The OneUps, c'est le groupe qui monte dans le milieu forcément underground des cover bands de musiques de jeux rétro. Découverte.

Ils s'appellent The NESkimos, Select Start, The Megas, Optimus Rhyme ou Powerglove et sont unis par les mêmes passions : le jeu vidéo et la musique. Bercé toute leur enfance par les ritournelles entêtantes sorties des consoles à la mode au tournant des années 80 / 90, ces groupes aux noms évocateurs se sont formés avec l'idée de réinterpréter ces mélodies un peu sommaires pour le quidam mais dont les premières notes suffisent à raviver en nous gamers les souvenirs de parties endiablées à Mario Kart ou nos pérégrinations au Royaume d'Hyrule. Putain de nostalgie. Les OneUps ne font pas autre chose. Mais ils le font mieux. C'est qu'à force de repriser sans fin du Mega Man sur des airs mal inspirés de metal, la concurrence tourne un peu en rond. Je voulais former un groupe qui fasse des reprises dans un autre registre que le rock. Quand on a commencé au début des années 2000 il y avait Les Minibosses, The Advantage, Game Over ou Select Start et la plupart se concentraient beaucoup sur un son ou un jeu bien particulier. Il n'y avait personne pour TOUT repriser. Et c'est la vision que j'avais pour le groupe : tout reprendre dans tous les styles »

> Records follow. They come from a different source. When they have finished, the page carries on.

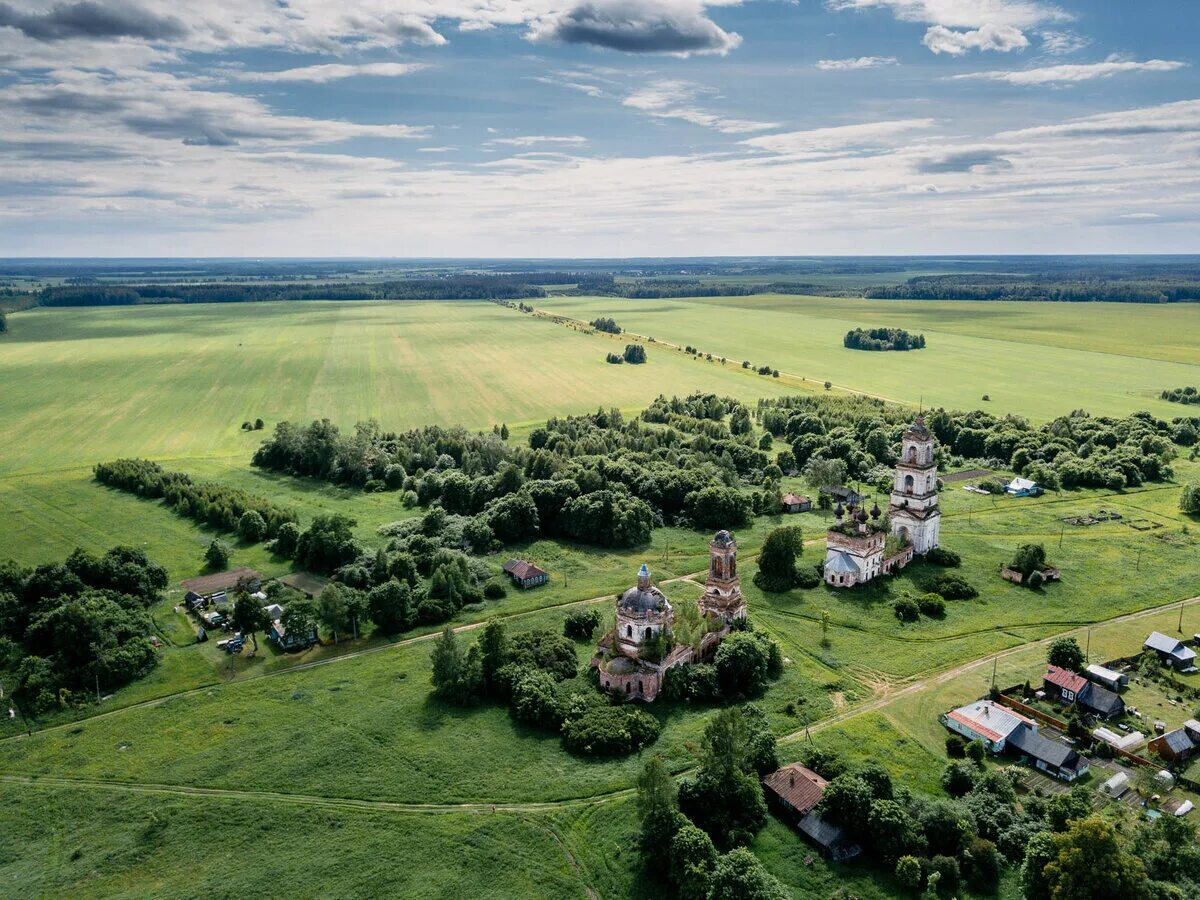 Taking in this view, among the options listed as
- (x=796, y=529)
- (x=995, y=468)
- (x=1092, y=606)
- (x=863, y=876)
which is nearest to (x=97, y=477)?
(x=796, y=529)

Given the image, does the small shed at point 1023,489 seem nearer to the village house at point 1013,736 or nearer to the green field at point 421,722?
the green field at point 421,722

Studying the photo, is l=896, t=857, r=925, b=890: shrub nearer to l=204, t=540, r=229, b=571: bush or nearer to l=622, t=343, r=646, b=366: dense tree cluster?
l=204, t=540, r=229, b=571: bush

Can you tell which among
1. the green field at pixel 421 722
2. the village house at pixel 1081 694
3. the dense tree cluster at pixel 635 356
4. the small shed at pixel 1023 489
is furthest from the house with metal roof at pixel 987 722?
the dense tree cluster at pixel 635 356

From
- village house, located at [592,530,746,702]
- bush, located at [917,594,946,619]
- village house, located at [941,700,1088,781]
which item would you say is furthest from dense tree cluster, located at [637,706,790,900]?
bush, located at [917,594,946,619]

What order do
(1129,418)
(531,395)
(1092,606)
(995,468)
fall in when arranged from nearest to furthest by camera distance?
(1092,606) < (995,468) < (1129,418) < (531,395)

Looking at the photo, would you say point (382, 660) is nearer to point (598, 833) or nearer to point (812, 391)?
point (598, 833)

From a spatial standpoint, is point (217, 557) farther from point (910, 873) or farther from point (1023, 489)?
point (1023, 489)

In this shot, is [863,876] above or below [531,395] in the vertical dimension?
below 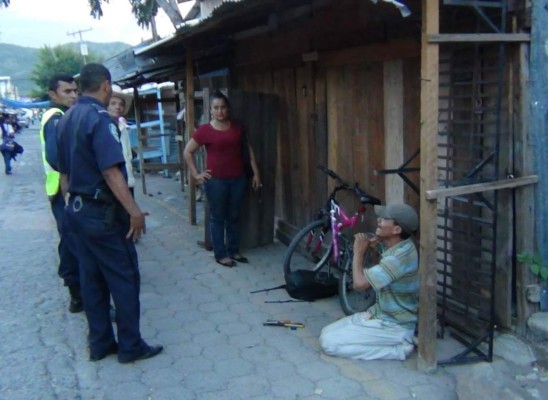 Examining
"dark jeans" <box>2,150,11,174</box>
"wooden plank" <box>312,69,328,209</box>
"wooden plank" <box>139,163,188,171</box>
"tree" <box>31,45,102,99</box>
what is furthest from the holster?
"tree" <box>31,45,102,99</box>

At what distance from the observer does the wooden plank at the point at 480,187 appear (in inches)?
144

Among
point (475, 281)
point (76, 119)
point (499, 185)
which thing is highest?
point (76, 119)

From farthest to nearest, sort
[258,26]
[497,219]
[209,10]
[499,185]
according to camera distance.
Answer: [258,26]
[209,10]
[497,219]
[499,185]

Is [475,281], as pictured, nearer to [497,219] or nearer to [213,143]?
[497,219]

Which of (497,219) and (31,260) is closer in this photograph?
(497,219)

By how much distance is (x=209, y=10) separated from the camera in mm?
5531

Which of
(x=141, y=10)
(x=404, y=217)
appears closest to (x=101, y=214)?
(x=404, y=217)

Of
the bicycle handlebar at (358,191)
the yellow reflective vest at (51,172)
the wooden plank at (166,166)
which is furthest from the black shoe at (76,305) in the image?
the wooden plank at (166,166)

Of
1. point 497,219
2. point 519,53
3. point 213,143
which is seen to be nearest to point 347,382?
point 497,219

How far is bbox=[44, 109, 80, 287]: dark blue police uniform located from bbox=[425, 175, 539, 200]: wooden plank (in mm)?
2871

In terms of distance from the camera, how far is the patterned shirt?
13.2 feet

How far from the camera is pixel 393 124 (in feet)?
16.5

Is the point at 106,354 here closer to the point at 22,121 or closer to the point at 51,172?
the point at 51,172

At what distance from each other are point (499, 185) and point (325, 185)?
2.69 metres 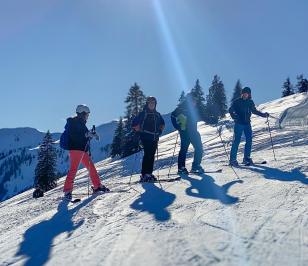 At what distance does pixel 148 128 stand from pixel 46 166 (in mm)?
39471

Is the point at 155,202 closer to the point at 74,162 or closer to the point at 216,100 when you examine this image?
the point at 74,162

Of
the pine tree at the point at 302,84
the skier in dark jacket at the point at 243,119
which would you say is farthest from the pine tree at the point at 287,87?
the skier in dark jacket at the point at 243,119

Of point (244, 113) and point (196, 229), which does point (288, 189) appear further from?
point (244, 113)

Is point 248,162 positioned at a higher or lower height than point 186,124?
lower

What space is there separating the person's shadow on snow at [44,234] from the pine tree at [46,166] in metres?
39.7

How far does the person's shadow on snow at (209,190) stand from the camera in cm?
826

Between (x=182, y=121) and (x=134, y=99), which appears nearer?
(x=182, y=121)

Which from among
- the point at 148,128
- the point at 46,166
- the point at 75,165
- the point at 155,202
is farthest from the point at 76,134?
the point at 46,166

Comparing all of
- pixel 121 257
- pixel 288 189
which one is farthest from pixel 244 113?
pixel 121 257

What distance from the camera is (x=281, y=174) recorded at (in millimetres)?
10602

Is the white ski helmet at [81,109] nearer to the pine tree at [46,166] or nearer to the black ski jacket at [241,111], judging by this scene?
the black ski jacket at [241,111]

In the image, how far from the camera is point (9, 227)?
28.3 feet

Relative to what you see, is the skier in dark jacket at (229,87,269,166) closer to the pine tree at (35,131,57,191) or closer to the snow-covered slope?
the snow-covered slope

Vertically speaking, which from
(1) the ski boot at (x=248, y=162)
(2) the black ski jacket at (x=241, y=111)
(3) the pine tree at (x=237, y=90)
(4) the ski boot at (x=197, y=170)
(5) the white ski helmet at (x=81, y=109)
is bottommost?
(1) the ski boot at (x=248, y=162)
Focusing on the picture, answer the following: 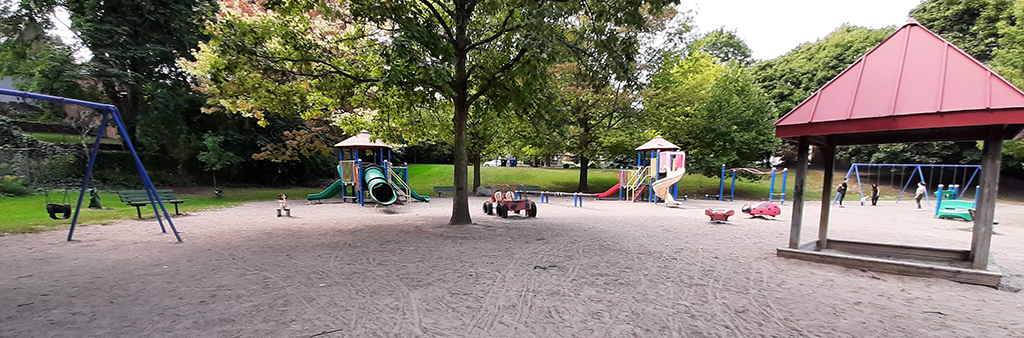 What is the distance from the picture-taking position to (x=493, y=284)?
5.04 meters

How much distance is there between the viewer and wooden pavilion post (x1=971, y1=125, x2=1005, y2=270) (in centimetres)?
506

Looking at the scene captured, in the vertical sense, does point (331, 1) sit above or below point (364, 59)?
above

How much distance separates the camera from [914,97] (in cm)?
508

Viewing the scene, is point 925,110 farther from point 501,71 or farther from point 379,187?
point 379,187

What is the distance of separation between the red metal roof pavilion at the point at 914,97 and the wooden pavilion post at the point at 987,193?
28 cm

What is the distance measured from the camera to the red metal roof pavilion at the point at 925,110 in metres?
4.78

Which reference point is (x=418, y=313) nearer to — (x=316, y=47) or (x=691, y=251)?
(x=691, y=251)

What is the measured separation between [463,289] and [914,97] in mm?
6705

dixit Mustin, le leader du groupe. Le style des OneUps c'est quoi justement ? Un mélange de jazz / fusion mâtiné de funk, d'électro, de hip-hop, de flamenco ou de bossa nova en fonction des morceaux to cover. On a commencé avec des arrangements jazz parce qu'est un genre qui se prête bien aux musiques de jeux vidéo. Des titres comme Super Mario Bros., Mario Paint ou Zelda ont une influence latine et jazz très forte. On pouvait facilement arranger ces accords et ces mélodies pour monter sur scène et jouer en live dans une configuration similaire à ce que ferait un jazz band traditionnel. Et puis avec les années, on a revu nos arrangements pour y incorporer d'autres genres comme du disco, de l'électro et même du classique moderne. »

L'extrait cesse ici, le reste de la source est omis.